La identidad de Cataluña

Los pueblos, como los individuos, tienen su propia identidad que se fundamenta en su su memoria, es decir, en su historia. Mirar al pasado no es, pues, otra cosa que mirarse a sí mismo y saberse. La invocación y el recuerdo del pasado, su constante actualización es la condición para construir el futuro de este pueblo. Por esta razón, todo pueblo, o incluso todo grupo social por reducido que sea, ha de escoger entre la tradición o la voluntad de suicidio.

Bajo esta perspectiva se comprende claramente que ningún pueblo del mundo puede ser definido como un pueblo «progresista». Tal calificativo es necesariamente falso y sólo puede ser una manera de disimular una tentación o seducción, cuyo final inevitable es la muerte de este pueblo. Nadie puede apuntarse al futuro por la sencilla razón de que es inexistente. Las metas que habrán de realizarse en el futuro lo son verdaderamente en la medida en que son ya ahora una realidad. Esto pasa con las sociedades exactamente igual que con las personas.

No es posible proyectarse hacia el futuro sin una actual memoria de su pasado que muestre la verdadera potencia en que consiste el ser de este pueblo.

Cuando aplicamos este principio general a Cataluña en el momento presente entendemos que no se puede hablar de su futuro, presentarlo como un programa de acción sin fundamentarlo en su pasado glorioso. Es evidente que en toda historia hay que distinguir lo anecdótico de lo sustancial o, mejor dicho, hay que distinguir lo creativo, lo fecundo, lo aglutinador, de lo mimético, estéril y desintegrador.

Lo primero son las glorias de un pueblo, lo segundo son sus debilidades. La política se apoya sobre la historia de tal manera que ninguna política sensata puede hacerse en nombre del futuro, el cual no solamente no es todavía, sino que nadie conoce como será. Este último aspecto es tan verdadero que una reflexión sobre las falsas profecías sería ya por sí sola una enorme lección no sólo de prudencia política sino de conocimiento de la verdadera realidad de un país, de manera que más que hacer real lo posible la política debería consistir en hacer posible lo real, es decir, no empeñarse en negar la realidad para justificar la validez de un pseudo programa político, sino dejar a los grandes ideales que han dado ya su fruto, seguir fecundando la vida de cada pueblo y dando frutos de creatividad, de estabilidad y de verdadero progreso social.

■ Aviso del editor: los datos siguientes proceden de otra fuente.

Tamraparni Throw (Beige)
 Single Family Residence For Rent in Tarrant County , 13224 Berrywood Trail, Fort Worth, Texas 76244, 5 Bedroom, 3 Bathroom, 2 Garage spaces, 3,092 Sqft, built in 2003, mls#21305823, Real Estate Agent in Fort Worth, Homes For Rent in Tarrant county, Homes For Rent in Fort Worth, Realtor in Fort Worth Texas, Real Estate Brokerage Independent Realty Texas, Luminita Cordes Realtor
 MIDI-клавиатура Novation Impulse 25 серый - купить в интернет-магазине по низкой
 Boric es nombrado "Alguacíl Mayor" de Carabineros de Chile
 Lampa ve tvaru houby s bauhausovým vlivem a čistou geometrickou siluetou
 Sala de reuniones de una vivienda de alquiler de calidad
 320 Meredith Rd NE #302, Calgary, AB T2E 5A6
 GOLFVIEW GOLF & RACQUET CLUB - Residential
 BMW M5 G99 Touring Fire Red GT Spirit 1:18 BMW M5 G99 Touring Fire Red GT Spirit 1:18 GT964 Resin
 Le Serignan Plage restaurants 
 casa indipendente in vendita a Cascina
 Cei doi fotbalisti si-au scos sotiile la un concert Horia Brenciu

Es con esta intención que nuestra revista se ocupa de temas históricos y, en particular, como lo ha hecho varias veces, de la historia de Cataluña, de sus instituciones, de sus hombres, de sus proyecciones verdaderamente universales. Con el mismo espíritu nos oponemos y advertimos sobre la vacuidad de los mitos de una pretendida Cataluña inexistente tanto antes como ahora, para cuya realización es absolutamente necesario prescindir de la más evidente y palpable –porque la historia deja huella– realidad histórica. Hasta tal punto es patente este olvido del ser de Cataluña que se ha puesto como ideal de Cataluña la catalanidad, la propia identidad, o sea, el ser «uno mismo» en lugar de ser algo. Un algo, una historia, unos hechos, unas gestas, unos hombres y unas instituciones que sistemáticamente se olvidan o positivamente se rechazan.

Planteadas así las cosas Cataluña se vacía, de hombres y de ideas, de creencias y de instituciones, y se hace exclusivamente apta para el resentimiento. Ni lo sensato, ni lo heroico, cosas que pueden ir juntas en la historia de Cataluña, son ahora punto de referencia de nuestro ser de catalanes. Por obra y gracia de la dialéctica marxista somos ahora un pueblo «colonizado», «oprimido», que no tiene otra identidad que la de su «autodeterminación» –idea, por cierto, que puede determinar una actitud de futuro pero es metafísicamente incapaz de constituir el ser de ningún pueblo porque pertenece al modo de acción y no al contenido del mismo, que es de lo que se trata. Cataluña es ahora, según esta perspectiva, como un pueblo africano que busca su independencia y que hace consistir en ella su ser nacional. Para hacer una revolución, como la que se pretende hacer en Cataluña, es preciso negar sistemáticamente toda nuestra realidad hasta el punto de definimos como a un pueblo que «lucha» sin decirmos por qué lucha. La actitud de definir a Cataluña, de manera romántica, como un pueblo que ha luchado por conservar su identidad, sin decir en qué ha consistido ésta, es servir Cataluña en bandeja a los genios de la Revolución, a los teóricos y técnicos de la Revolución. Es elegir la voluntad de suicidio por negarse a reconocer lo que realmente somos.

José Mª Petit Sullá  fue colaborador de la revista CRISTIANDAD y publicó en ella este artículo en el nº 585 de diciembre de 1979. La misma revista lo ha reproducido en el nº 1035 de octubre 2017.